説明
「それではギルドについての説明をさせてもらいますね」
一通りの手続きが終わり、受付のお姉さんが説明を始めた。
「ギルドに登録された方、一般に冒険者と言われる人たちにはランクがつけられます。このランクはE~Sまであります。ランク昇格にはそれぞれ決められた昇格ポイントがあり、それを超えると昇格となります。ただし、C以上になると昇格ポイント以外にも条件があります。それはランクによって様々ですがほとんどが討伐関係の条件だと思っていてください。ランクには個人ランクとパーティーランクというものがあります。個人ランクは先ほどお話しした条件で昇格できますが、パーティーランクはそうではありません。パーティーランクはそのパーティーでどれだけ功績を上げられたかによって決まります。ですから、個人が強かったとしてもチームワークがなっていない場合は個人ランクよりも低くなってしまうことがありますので注意してください。そして、依頼にもランク付けがされています。依頼ランクが個人、もしくはパーティーランク以下の依頼しか受けることができませんので注意してください。最後にくれぐれも無理はしないでください」
なるほど…。わからん。
長々と説明をされたが半分以上頭に入ってこなかった。
「澤田は理解できたか?」
「ああ。つまりクエストをたくさんこなせってことだろ?」
「…なんか違う気がするけどそういう事でいいや」
「我はよくわかったぞ」
「ほほう」
「要するに暴れまわったらいいのだろう?」
「…やっぱり駄目だわこいつら…」
澤田は相変わらずの頭だし、ファフニールは完全脳筋思考。ファフニールが邪龍という事を初めて理解したかもしれない。
「そういうつるっぴはどうなんだ?」
「俺か?そんなの決まってるじゃん。理解してないよ?」
「お主も人のことを言えないではないか!」
「お前らよりはましだろ!。理解する方向性が間違っている奴と脳筋と一緒にされたくはない!」
「なんだと!誰が脳筋だ!」
「駄フさんに決まっているだろ」
「澤田までも…!澤田は悔しくないのか?ここまで馬鹿にされて」
「いやー。いつもの事だしな」
「…」
澤田の言葉にファフニールは言葉を失った。今、ファフニールは何を考えているのだろうか?少し気になる。

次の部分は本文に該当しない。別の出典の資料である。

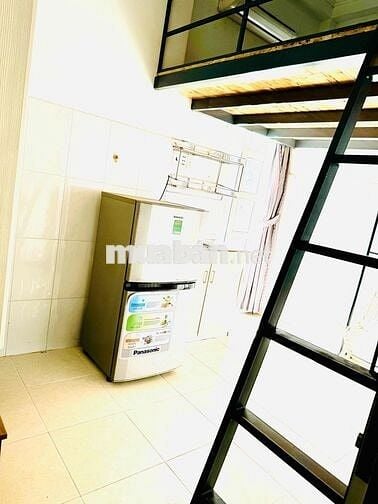phòng trọ ban công có gác lầu2 18m2 phạm văn hai p5 tân bình bờ kè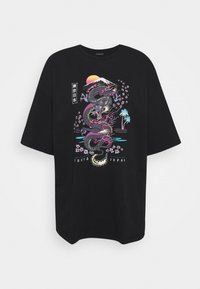Černé oversized tričko s barevným grafickým ztvárněním draka, sakurami a západem slunce s horou Fuji. Na tričku je nápis "Tokio Japonsko."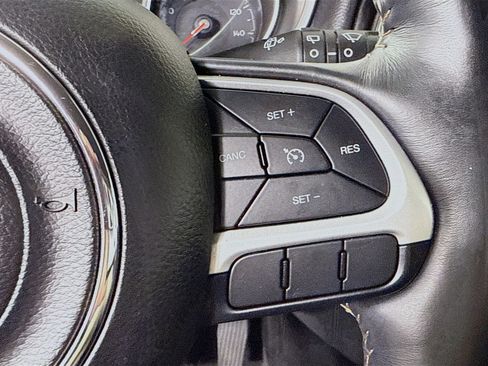 Used 2018 Jeep Compass Limited w/ Navigation Group image 15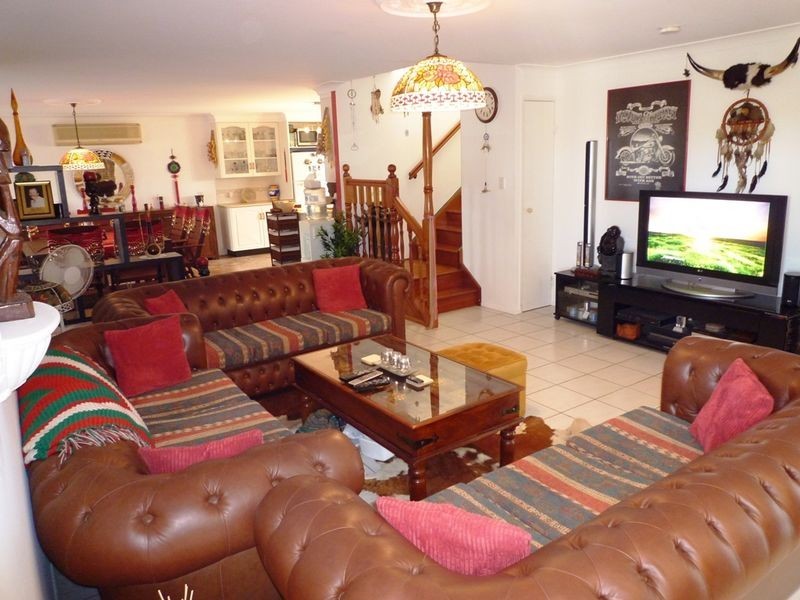 90 Reif Street, Flinders View QLD 4305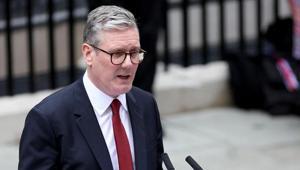 İngiltereden Zelenskiye destek: Ukrayna müzakerenin kalbinde yer almalı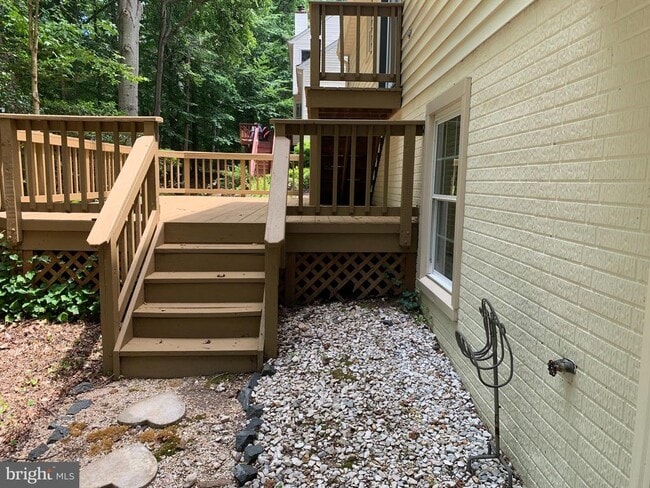 Building Photo - 2002 Admiral Dr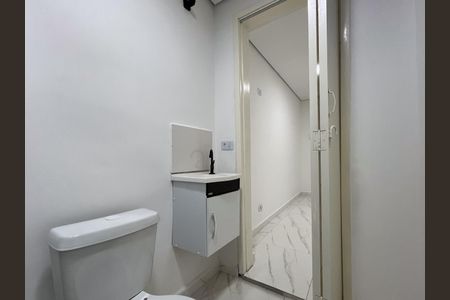 Apartamento para alugar com 70m², 2 quartos e sem vaga Apartamento para alugar com 70m², 2 quartos e sem vagaBanheiro da Suíte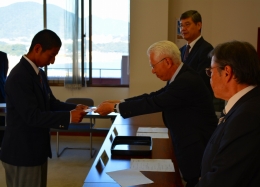 立石理事長より濵本主将に奨励金を授与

「あのー。わからなかったのであればもう一度説明をしましょうか?」
「あーお願いします。できるだけ簡単に」
「わかりました。簡単に言いますと、まずは依頼をこなして実績を集めてください。そして、昇格を目指してください。そうすればもっとたくさんの依頼を受けることができますよ。そして、チームワークを大切に。くれぐれも無理はしないようにお願いします」
「ありがとうございます。では」
俺がそう言うとお姉さんは一礼をした。俺と澤田もそれに答えるように礼をする。ファフニールは俺達の行動を見て不思議そうに礼をしていた。
「なぜ頭を下げたんだ?」
「礼儀の問題だよ」
「礼儀…そうゆう物かー」
「そうゆうものだ」
どこか納得のいかないファフニールだった。この後、澤田があれこれ教えていたがファフニールは理解できなかったようだ。まあ、そうだろうな。